Henny Seibeb, LPM's deputy leader, said at a press briefing yesterday that lawyer Sisa Namandje should also be investigated for having been mentioned in a secretly recorded video in which Esau was allegedly caught negotiating a bribe.

He said Namandje's trust fund ought to be frozen and called on the law society of Namibia to investigate Namandje's possible involvement in funnelling ill-gotten gains for the political elite.

The LPM also called on the Law Society to suspend Namandje's licence in terms of the Legal Practitioners Act until this matter is cleared. Namandje has denied the allegations.

Seibeb said the unfolding fishing scandal was a typical example of how an “unpatriotic criminal cabal” masquerading as true representatives of the people can infiltrate state institutions to divert resources for self-enrichment.

“[What] will bring Namibia to its knees is the scramble for resources amongst the elite,” Seibeb said, suggesting that the “repurposing of scare resources” by the political elite erodes state resources.

He said Esau and Shanghala, along with James Hatuikulipi and 'Fitty' Hatuikulipi, were not the “only masterminds of this grand theft”.

Fishing quotas for the poor

The LPM said in future parliamentarians already receiving high salaries should be excluded from receiving lucrative fishing quotas, which the party said should instead be awarded to poor Namibians.

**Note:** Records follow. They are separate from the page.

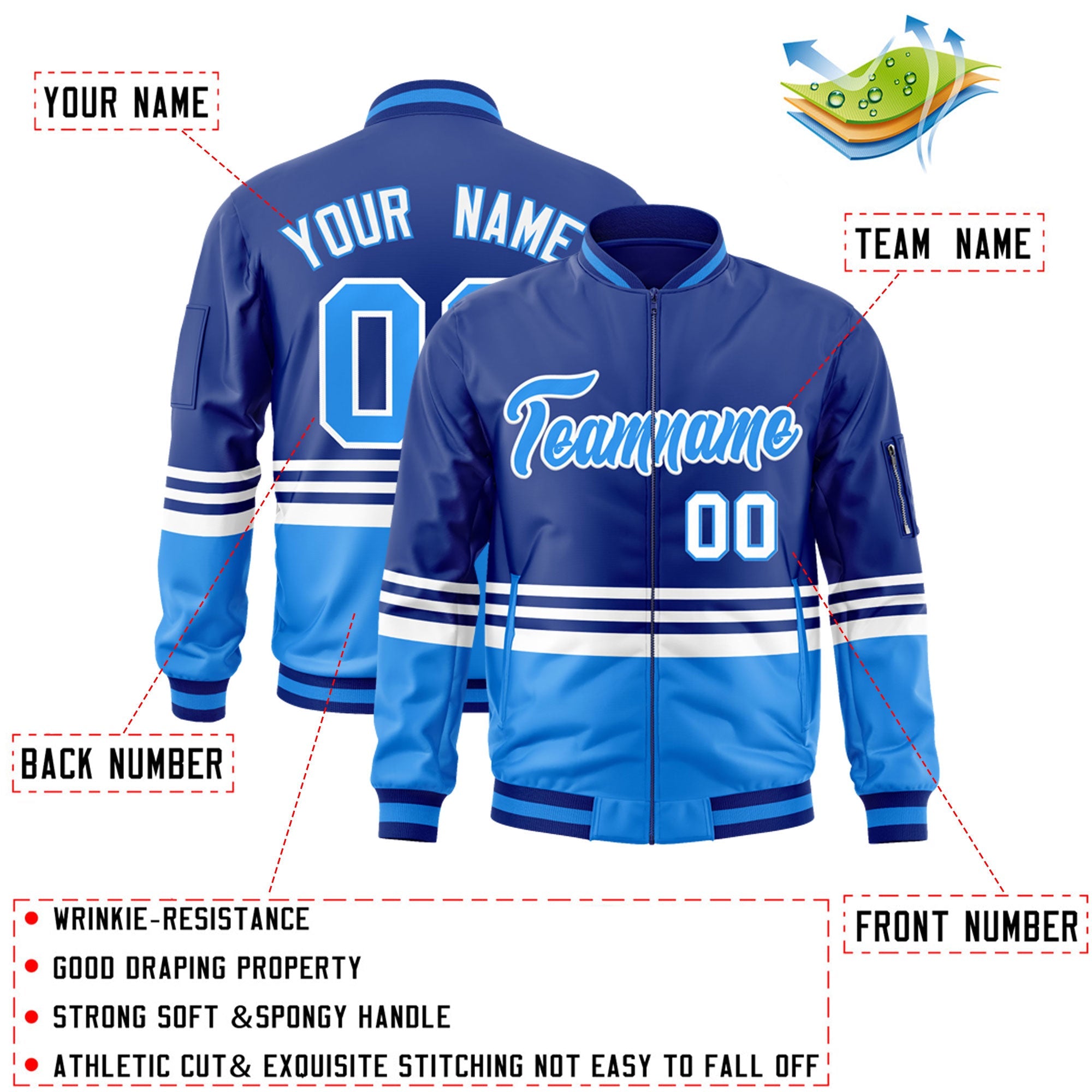 Custom Royal Powder Blue-White Varsity Full-Zip Color Block Letterman Bomber Jacket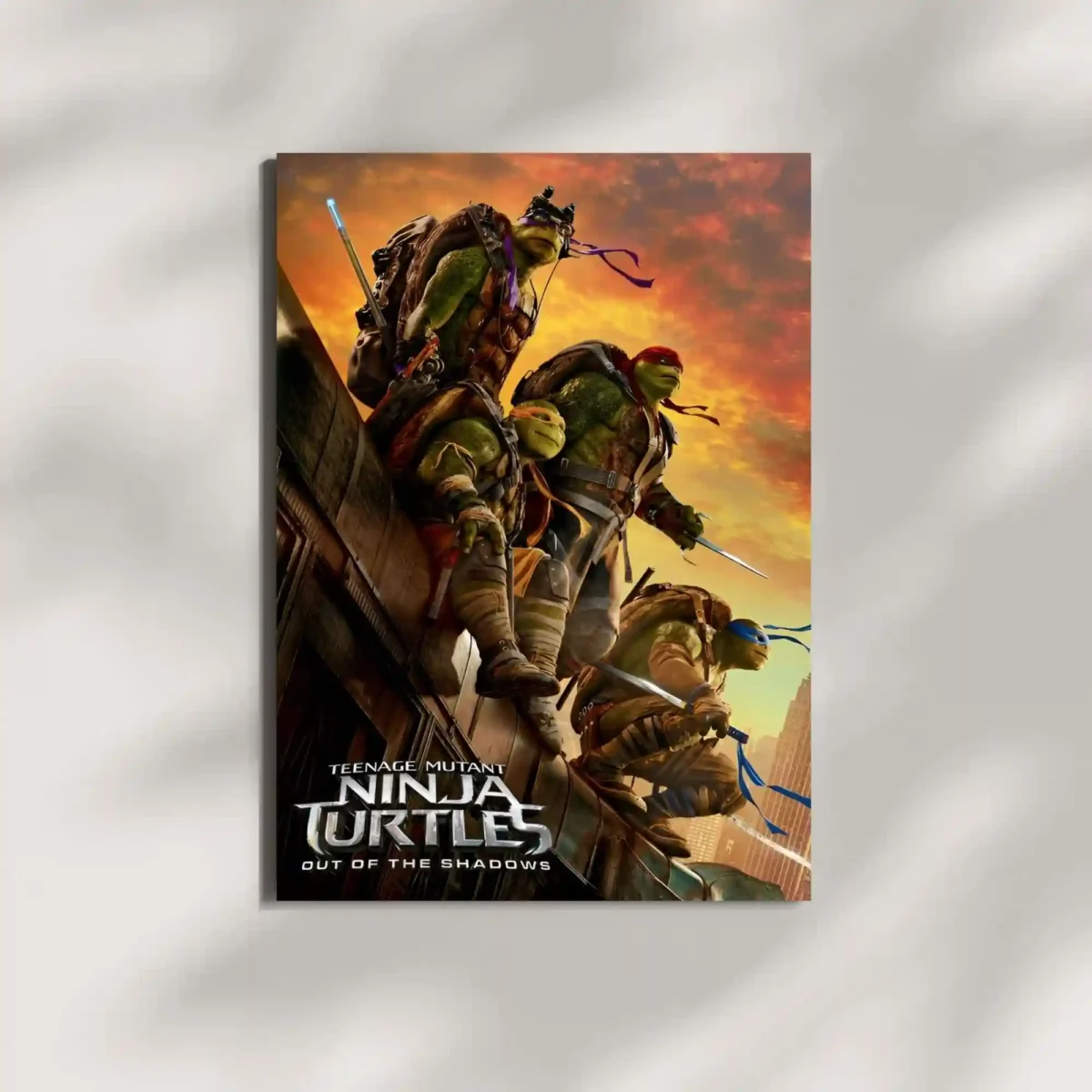 wall mounted ninja turtles movie metal poster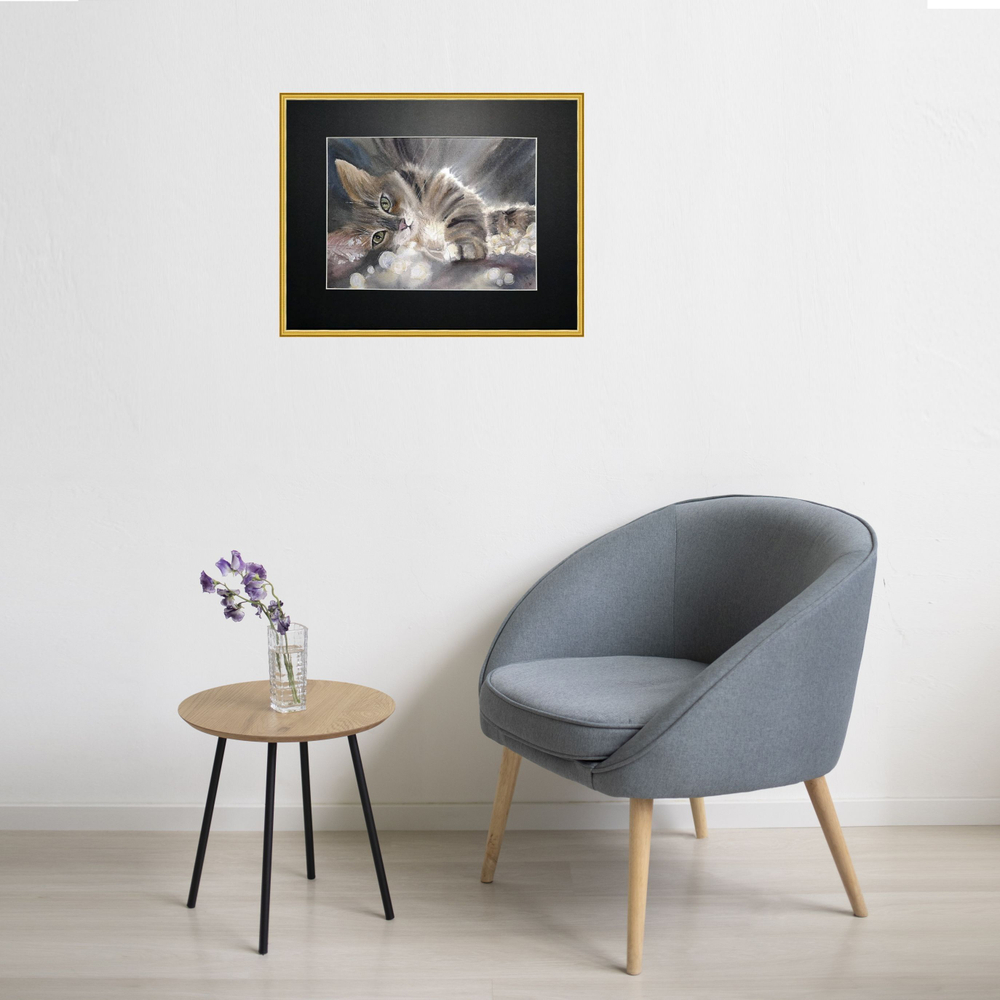 Картина авторская акварельная в паспарту 30х40 см на стену для интерьера "Кисюня"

“At every platform they [parliamentarians] implore the youth to create jobs for themselves but meanwhile they are the biggest looters, not even creating a single job,” Seibeb criticised.

He said presidential commissions of enquiry into corruption cases have proven “useless”, suggesting that those found guilty should be jailed for life while their ill-gotten assets are stripped.

Noa 'not neutral'

Seibeb went on to say that the director-general of the Anti-Corruption Commission (ACC) Paulus Noa cannot be trusted because he is a staunch member of the ruling party. “He has dismally failed to deal with high-level economic crimes in Namibia unlike what we used to see in South Africa with advocate Thuli Madonsela, the fearless public protector, when dealing with high-level crimes such as in the Nkandla scandal,” Seibeb said.

Ethnic politics

The LPM also lamented what it calls a resurgence of ethnicity in Namibian politics. It accused convicted former minister Katrina Hanse-Himarwa of having ripped off a poster of LPM leader Bernardus Swartbooi about two weeks ago in the Dordabis area, after which she unsuccessfully tried to set the poster alight.

The party also accused supporters of independent presidential candidate Panduleni Itula of having defaced posters of President Hage Geingob.

Police over the weekend had to use teargas and rubber bullets to disperse rival crowds in Oshana Region. Seibeb claimed that Itula supporters had threatened on social media that a civil war would break out if Itula lost the presidential race.

“We will never let ethnic politics reign supreme. We will retaliate too. We won't stand by and watch how some crazy would-be politicians fuelled by former apartheid ruling parties try to destroy Namibia through unpopular means. We will not allow our elections to be stolen,” Seibeb said.